GBO has taken over coordination in full of the North Cotswold area of the Gloucestershire cull zone for 2017 and onwards.
The work, as always, started long before the cull did in the cull zone and potential cull zone areas – many areas were not surveyed in the North Cots zone as it’s a big area and we had suspicions about areas of southern Glos being signed up. Sett-surveying and ‘Introduction to the Cull Zones’ days were set up and our wonderful fundraisers had continued to run auctions throughout the winter to keep up a funding base from which cull campaigners could draw much needed fuel money. Locals check setts year-round, particularly in hunt countries, and ‘bad husbandry’ is constantly spotted all over the place, including on an area of land near to Uckington which we confirmed last year is signed up to the cull.
“Sett-checking in the North Cotswolds zone on Friday brought the discovery of several sheep carcasses (in various stages of decay, some piled on top of one another over time) left to rot in a field where bait-points were found during the cull last year and we caught ‘PVC’ trying to shoot on a number of occasions in an adjacent field.

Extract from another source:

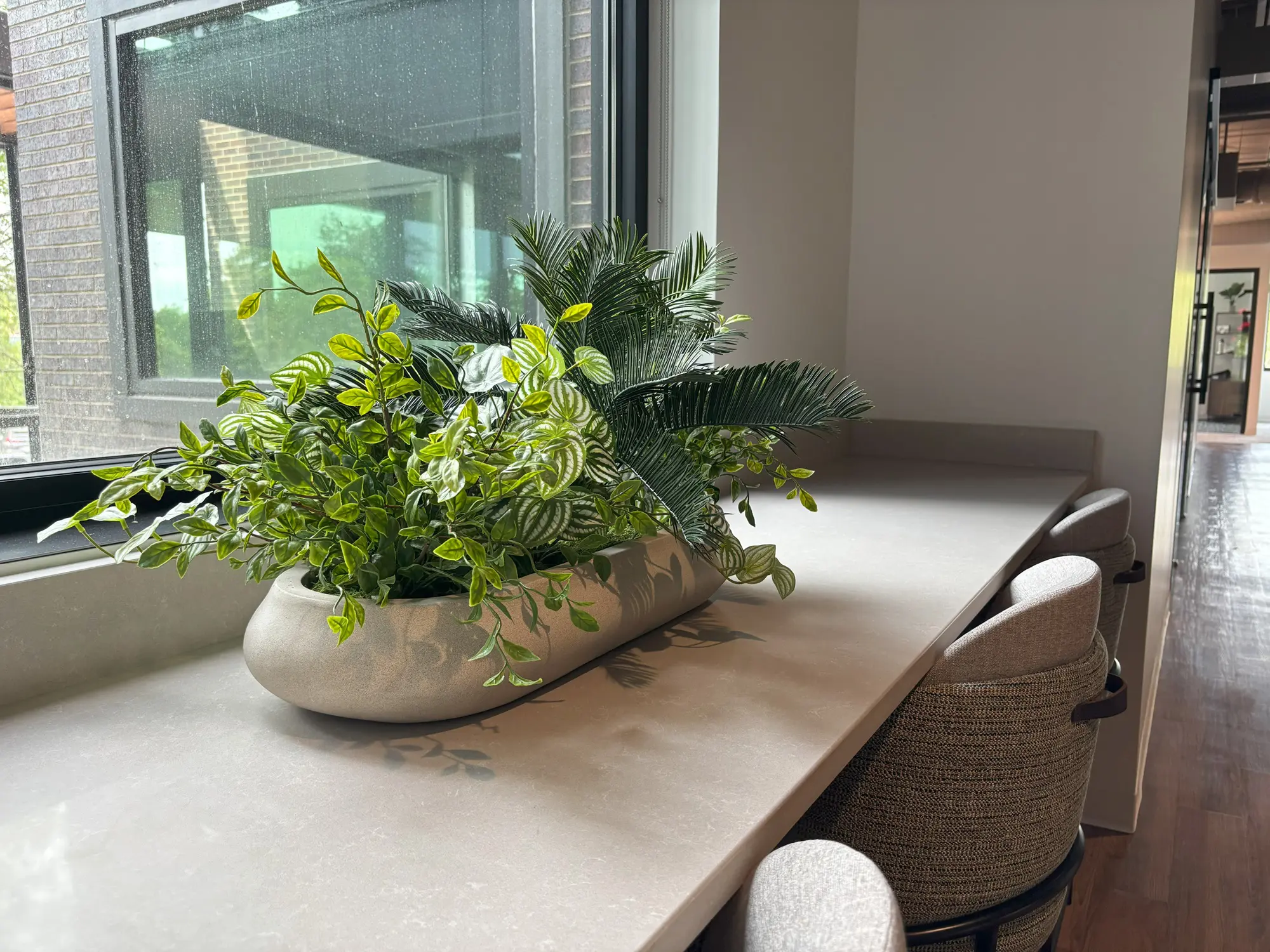 Tabletop planter with lush greenery that adds biophilic design to a workspace in Columbus, OH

We were spotted and, having gone back today to check, the landowners have obviously had a little attempt to clean up – the farm is being reported to DEFRA regardless, especially as parts of sheep are still lying around, a foot here, a head there… while we obviously focus on biosecurity relating to the farming of cows, how can farms with such blatant breaches of regulations with regards to other farmed animals be allowed to take part in such things as the badger cull?
We’ll be keeping a close eye on this area which is in the southern part of the North Cots zone, not far from Cheltenham – a place called Uckington. We have more evidence of exact location and sheep bodies from both Friday and today, but obviously do not wish to disclose anything relating to badger sett locations and activity”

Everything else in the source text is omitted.